● **Work instruction**:
Quote exactly and only this range of lines in the data below: the line that holds "Gnomes Deluxe Collector’s" to the line that holds "ABC Negocios: Industria", both included.

● **Data for review**:
• • • •

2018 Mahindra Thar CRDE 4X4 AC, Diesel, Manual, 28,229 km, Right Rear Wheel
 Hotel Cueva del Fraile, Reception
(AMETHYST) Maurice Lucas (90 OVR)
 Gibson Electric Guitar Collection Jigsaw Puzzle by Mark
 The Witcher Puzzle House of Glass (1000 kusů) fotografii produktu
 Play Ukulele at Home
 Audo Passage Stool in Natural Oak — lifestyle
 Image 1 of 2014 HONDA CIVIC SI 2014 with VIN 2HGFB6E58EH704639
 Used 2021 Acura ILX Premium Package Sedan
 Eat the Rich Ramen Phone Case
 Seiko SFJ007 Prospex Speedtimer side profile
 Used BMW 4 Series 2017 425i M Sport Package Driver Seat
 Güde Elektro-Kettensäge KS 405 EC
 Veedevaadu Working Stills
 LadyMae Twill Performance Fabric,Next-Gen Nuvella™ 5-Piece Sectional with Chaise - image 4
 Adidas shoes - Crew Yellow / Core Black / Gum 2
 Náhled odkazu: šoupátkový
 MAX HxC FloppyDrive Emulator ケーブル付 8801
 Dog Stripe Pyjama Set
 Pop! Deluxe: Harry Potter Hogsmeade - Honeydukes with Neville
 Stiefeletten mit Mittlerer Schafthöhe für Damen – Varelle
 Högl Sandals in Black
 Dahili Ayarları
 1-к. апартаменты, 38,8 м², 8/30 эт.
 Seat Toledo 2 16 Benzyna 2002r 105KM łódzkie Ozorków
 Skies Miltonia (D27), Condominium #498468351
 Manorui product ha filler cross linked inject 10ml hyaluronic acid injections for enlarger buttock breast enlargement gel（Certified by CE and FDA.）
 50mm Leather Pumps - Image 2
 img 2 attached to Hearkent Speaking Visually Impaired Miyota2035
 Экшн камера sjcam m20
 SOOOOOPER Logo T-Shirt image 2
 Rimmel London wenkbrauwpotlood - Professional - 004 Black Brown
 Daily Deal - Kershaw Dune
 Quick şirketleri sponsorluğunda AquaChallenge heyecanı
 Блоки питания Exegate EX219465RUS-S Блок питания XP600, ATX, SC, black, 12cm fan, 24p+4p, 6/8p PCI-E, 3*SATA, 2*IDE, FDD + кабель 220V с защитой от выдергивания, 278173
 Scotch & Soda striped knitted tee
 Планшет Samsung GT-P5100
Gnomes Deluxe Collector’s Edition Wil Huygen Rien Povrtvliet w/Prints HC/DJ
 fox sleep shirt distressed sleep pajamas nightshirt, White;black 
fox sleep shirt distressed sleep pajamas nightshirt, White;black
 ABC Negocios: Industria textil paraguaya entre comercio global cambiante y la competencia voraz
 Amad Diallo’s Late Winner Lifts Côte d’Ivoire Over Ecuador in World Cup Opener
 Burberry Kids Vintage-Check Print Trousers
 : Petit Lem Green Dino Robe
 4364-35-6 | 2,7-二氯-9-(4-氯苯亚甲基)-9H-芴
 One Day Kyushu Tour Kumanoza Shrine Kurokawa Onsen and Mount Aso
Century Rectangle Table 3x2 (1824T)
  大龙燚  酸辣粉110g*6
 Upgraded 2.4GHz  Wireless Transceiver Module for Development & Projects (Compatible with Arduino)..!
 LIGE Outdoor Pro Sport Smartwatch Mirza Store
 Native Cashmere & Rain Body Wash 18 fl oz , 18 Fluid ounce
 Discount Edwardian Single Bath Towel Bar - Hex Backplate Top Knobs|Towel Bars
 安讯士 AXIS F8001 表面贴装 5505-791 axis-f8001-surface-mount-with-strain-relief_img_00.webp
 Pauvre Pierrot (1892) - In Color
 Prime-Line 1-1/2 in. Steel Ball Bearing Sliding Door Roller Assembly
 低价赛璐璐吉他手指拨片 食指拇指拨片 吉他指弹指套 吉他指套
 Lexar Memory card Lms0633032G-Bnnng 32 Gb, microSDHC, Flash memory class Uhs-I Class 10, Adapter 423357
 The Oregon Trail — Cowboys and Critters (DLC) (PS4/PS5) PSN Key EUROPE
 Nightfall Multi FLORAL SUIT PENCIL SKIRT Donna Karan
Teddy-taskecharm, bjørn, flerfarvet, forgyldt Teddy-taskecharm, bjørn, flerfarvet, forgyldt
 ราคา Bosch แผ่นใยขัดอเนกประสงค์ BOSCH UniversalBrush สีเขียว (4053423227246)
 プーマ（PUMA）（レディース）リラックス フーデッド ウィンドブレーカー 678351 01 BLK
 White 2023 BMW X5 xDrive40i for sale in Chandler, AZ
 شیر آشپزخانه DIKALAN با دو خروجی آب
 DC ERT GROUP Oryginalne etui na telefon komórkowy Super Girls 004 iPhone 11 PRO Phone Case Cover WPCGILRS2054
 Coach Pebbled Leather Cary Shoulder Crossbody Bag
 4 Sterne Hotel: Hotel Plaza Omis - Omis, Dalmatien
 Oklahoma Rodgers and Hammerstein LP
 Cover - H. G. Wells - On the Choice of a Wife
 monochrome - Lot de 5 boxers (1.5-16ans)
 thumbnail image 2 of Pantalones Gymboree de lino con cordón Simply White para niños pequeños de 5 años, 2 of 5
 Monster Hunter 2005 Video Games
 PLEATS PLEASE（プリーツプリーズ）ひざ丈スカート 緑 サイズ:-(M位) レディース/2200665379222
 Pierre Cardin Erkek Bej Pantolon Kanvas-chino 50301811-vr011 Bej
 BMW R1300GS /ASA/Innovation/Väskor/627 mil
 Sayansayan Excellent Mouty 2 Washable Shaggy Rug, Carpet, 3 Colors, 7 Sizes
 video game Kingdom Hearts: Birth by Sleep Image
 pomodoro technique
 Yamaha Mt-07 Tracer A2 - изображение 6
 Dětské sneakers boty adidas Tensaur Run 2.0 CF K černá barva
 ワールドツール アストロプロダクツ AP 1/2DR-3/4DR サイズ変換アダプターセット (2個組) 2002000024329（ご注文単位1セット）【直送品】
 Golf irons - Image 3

• • • •

● **The answer**:
Gnomes Deluxe Collector’s Edition Wil Huygen Rien Povrtvliet w/Prints HC/DJ
 fox sleep shirt distressed sleep pajamas nightshirt, White;black 
fox sleep shirt distressed sleep pajamas nightshirt, White;black
 ABC Negocios: Industria textil paraguaya entre comercio global cambiante y la competencia voraz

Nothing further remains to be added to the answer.